Haïti débat / Les causes de l’insécurité dans le pays : La poursuite des bandits est-elle le seul et unique moyen pour résoudre le problème de l’insécurité ?
De jour en jour le coût de la vie devient de plus en plus élevé. Le taux d’inflation ne cesse de grimper. La situation de chômage a atteint son paroxysme. La population vivote dans des conditions faméliques. La seule carte que peut jouer la population pour se défendre, c’est le commerce informel. Cette situation a réduit toutes les artères du pays à des marchés publics. Haïti est devenu une République de marchés.
Le phénomène de marchand ambulant se développe de manière spectaculaire. Pour combattre la misère, nos petits commerçants se promènent, à longueur de journée, entre autres, avec une poche de cigarette, un éventaire de pistache, de sucette sur les bras.
Ne pouvant plus tenir, une frange de la jeunesse haïtienne, livrée à elle-même, s’adonne au banditisme. Le gangstérisme devient aujourd’hui dans le pays, non seulement un moyen de se monnayer, mais aussi, un outil de promotion sociale. Nos bandits sont, de loin, plus populaires, ces jours-ci, que nos intellectuels, nos élus, voire même nos artistes.
Nous ne sommes pas des anges. Nous ne sommes pas des anthropophages. Si les anthropophages se nourrissent naturellement de la chaire de leur propre espèce, il n’est pas dans la nature de l’homme de se manger. Aucun être humain ne peut résister à la famine de manière sempiternelle. Il arrivera un temps où l’on se dénature. Pas trop longtemps de cela, un vidéo montrant un groupe de bandits en train de manger de la chaire calcinée d’un haïtien, tournait en boucle sur les réseaux sociaux. Si le pays continue de vivre dans cette situation de grande famine dans laquelle il est actuellement, nous deviendrons des anthropophages.
La situation de famine est inadmissible. Il y a une trop grande disparité sociale dans le pays. Le chômage est trop élevé. Le problème de l’insécurité ne sera jamais résolu, tant que nous tolérons l’injustice sociale. Nous avons besoins, non pas de l’injustice, mais de la justice sociale. C’est exactement l’injustice sociale qui conduit à l’insécurité. Il n’est pas anormal d’avoir une inégalité sociale autant élevée dans le pays.

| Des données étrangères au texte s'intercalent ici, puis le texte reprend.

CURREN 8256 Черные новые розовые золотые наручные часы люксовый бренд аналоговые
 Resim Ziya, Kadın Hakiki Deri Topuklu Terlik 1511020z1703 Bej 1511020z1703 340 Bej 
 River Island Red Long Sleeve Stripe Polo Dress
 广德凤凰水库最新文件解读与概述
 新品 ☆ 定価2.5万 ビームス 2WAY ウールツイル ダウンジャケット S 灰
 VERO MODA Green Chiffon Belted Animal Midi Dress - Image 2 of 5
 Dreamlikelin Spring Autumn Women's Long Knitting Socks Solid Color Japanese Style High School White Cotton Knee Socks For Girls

L’insécurité qui traverse le pays ne concerne pas seulement le pouvoir. Elle concerne toute la société. Elle est aussi l’affaire de l’opposition dite démocratique et populaire. Tout le monde peut en être victime. « Si on n’aborde pas le problème comme on devrait l’aborder, les zones paisibles deviendront aussi des régions de non droits », avise Présimon Jean, lors de la retransmission de l’émission Haïti débat du mardi 30 avril 2019.
Insistant sur les problèmes sociaux, l’analyste politique invite à ses concitoyens à ne pas célébrer la mort d’un bandit. Selon lui, après l’exécution du chef de gang TIJE, il y en aura d’autres à Savane Pistache. « On ne pourra pas résoudre cette insécurité avec autant de personnes au chômage dans le pays », nous dit-il.
« Si on n’agit pas sur les inégalités, le problème de l’insécurité ne sera jamais résolu. Chaque groupe qui constitue la société à son rôle à jouer. L’insécurité alimentaire génère de l’insécurité publique », explique le politologue Ené Val, soulignant que si toutes les forces de la société ne s’assoient pas ensemble pour que tout le monde ait un minimum, nous serons tous perdants.
À ceux qu’on offre les armes, le juriste, Campane Joseph, leur demande de faire attention. « Les armes qu’on vous offre aujourd’hui, retourneront contre vous », prévient-il aux bandits manipulés, avant d’enchainer que ce que doivent comprendre les haïtiens, le pays nous appartient. Il ne revient qu’à nous de le changer.